Scientists start with adult somatic or embryonic stem cells, which can differentiate into cell types including muscle, skin and bone. In adults, stem cells remain quiescent until disease or injury activates them. Stem cells can be cultured to divide and replicate into a stem-cell line of identical stem cells, then stimulated to specialize. Embryonic stem cells can differentiate into more cell types than adult stem cells.

Totipotent: Able to differentiate into all cell types, such as zygotes, formed at egg fertilization and first few divisions thereafter, can produce entire organism.

Pluripotent: Able to differentiate into most cell types, such as embryonic stem cells and those formed in early embryonic cell differentiation.

Multipotent: Able to differentiate into closely related family of cells, such as hematopoietic adult stem cells that become red or white blood cells or platelets.

Oligopotent: Able to differentiate into a few cells, such as adult lymphoid or myeloid stem cells.

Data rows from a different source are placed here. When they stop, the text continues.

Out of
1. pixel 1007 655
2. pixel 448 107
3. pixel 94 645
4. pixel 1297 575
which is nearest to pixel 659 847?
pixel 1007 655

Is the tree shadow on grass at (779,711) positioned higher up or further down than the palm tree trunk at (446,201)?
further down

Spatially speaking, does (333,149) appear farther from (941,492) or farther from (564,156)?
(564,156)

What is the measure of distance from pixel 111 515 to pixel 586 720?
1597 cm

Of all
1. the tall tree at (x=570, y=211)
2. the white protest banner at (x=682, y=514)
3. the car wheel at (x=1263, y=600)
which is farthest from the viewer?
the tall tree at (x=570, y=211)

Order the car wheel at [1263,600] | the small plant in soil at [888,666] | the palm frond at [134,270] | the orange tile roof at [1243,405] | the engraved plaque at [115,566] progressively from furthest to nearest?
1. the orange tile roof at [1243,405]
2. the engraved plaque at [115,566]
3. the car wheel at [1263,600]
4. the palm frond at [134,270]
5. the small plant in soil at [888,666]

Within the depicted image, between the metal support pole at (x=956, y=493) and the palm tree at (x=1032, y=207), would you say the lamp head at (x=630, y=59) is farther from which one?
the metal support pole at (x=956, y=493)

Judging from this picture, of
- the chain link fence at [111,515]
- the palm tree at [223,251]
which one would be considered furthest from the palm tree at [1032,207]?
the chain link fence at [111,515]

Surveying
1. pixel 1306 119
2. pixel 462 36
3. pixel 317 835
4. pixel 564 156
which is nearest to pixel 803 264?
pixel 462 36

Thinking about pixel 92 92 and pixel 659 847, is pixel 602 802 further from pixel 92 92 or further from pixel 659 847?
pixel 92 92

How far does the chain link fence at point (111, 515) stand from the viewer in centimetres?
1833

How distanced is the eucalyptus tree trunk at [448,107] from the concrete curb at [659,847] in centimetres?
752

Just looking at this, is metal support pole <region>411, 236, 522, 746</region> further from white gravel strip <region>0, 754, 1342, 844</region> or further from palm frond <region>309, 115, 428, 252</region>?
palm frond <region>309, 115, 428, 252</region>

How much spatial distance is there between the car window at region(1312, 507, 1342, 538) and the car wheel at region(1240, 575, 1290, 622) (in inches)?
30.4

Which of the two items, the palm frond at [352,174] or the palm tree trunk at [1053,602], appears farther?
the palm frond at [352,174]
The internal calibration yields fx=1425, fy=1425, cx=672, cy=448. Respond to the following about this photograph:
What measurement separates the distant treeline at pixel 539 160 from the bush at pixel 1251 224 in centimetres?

Unipotent: Able to reproduce only their own type of cell or to self-renew, such as adult muscle stem cells.

Total estimated cells in human body: 37 trillion (37,000,000,000,000)

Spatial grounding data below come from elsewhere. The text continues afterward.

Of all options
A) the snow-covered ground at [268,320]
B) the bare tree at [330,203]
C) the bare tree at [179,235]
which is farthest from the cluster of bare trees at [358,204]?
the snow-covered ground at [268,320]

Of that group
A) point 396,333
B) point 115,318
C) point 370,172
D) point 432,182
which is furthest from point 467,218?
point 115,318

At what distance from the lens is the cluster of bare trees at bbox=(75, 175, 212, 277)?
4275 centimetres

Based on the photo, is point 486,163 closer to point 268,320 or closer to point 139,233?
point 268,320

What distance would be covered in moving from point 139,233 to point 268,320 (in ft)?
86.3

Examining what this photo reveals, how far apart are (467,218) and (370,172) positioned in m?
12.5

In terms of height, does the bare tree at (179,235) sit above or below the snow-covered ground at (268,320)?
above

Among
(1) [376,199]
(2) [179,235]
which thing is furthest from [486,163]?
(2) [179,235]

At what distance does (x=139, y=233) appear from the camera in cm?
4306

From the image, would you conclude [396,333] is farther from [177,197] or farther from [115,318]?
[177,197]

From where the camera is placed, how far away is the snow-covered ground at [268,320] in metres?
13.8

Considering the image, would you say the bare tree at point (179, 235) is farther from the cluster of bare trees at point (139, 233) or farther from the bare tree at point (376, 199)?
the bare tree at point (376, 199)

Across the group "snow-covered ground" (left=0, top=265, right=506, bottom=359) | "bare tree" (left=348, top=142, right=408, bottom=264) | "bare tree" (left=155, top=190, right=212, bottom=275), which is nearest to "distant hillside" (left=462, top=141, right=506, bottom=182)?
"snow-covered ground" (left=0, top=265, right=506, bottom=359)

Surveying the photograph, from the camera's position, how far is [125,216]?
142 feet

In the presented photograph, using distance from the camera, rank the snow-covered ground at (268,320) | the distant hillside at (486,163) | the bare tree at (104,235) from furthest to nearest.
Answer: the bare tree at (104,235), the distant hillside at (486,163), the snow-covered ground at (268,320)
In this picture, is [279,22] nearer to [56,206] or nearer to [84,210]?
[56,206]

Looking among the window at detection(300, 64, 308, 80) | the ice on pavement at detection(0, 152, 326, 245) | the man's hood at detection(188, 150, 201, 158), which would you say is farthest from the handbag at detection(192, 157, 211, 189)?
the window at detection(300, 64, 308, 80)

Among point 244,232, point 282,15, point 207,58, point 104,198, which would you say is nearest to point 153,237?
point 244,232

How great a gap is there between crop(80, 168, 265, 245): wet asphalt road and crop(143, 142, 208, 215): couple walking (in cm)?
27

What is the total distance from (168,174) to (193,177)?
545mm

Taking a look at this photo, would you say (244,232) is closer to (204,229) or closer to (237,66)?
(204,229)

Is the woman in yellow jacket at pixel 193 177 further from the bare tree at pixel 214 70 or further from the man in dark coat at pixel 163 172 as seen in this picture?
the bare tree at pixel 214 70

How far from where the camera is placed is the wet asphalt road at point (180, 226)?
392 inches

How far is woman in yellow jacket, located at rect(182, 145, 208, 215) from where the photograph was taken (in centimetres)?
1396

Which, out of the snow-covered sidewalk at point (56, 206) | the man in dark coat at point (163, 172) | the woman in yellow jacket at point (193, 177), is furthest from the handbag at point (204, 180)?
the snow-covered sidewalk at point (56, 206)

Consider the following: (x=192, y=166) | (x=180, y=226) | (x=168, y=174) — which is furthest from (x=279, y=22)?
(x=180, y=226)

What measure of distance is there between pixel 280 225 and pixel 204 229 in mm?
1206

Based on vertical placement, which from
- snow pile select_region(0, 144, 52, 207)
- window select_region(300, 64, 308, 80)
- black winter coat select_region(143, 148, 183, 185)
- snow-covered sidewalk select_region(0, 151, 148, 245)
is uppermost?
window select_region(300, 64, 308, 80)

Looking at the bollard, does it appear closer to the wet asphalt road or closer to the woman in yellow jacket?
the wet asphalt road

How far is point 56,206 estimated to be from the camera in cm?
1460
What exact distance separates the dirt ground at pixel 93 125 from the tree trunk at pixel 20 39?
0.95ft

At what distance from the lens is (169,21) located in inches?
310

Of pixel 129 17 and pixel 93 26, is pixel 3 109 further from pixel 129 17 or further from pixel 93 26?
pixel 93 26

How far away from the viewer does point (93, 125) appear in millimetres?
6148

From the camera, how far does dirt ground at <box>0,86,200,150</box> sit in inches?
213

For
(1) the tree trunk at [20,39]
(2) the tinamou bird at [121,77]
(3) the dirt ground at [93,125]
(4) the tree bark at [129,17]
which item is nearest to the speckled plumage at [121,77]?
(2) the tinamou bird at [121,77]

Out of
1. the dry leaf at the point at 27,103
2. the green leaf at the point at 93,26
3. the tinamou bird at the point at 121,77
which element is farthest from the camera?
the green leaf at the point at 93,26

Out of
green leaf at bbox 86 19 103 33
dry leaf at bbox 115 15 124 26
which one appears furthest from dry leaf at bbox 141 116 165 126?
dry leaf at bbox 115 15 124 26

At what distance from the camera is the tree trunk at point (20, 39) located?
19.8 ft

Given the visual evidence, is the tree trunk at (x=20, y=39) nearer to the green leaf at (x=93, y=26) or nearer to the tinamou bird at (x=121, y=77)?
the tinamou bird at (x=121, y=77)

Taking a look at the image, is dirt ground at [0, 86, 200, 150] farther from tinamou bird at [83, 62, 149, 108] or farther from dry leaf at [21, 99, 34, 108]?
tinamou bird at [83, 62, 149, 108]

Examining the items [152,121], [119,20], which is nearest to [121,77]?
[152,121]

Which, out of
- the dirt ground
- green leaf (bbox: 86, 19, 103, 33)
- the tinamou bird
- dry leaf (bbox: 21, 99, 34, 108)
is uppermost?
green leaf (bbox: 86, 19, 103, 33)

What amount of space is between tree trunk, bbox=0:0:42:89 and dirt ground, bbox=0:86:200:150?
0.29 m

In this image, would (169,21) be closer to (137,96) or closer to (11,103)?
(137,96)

Neural stem cells: Differentiate into nerve cells (neurons), astrocytes and oligodendrocytes.

Transdifferentiation: Reprogramming stem cells to produce cell types not of the stem cells’ lineage, such as neural stem cells differentiating into muscle cells.

Induced pluripotent stem cell: Adult cells genetically reprogrammed to resemble embryonic stem cells by being forced to express particular genes or factors. First created in 2007 in humans, useful for drug development, disease modeling and transplantation. Viruses used to introduce reprogramming factors into adult cells.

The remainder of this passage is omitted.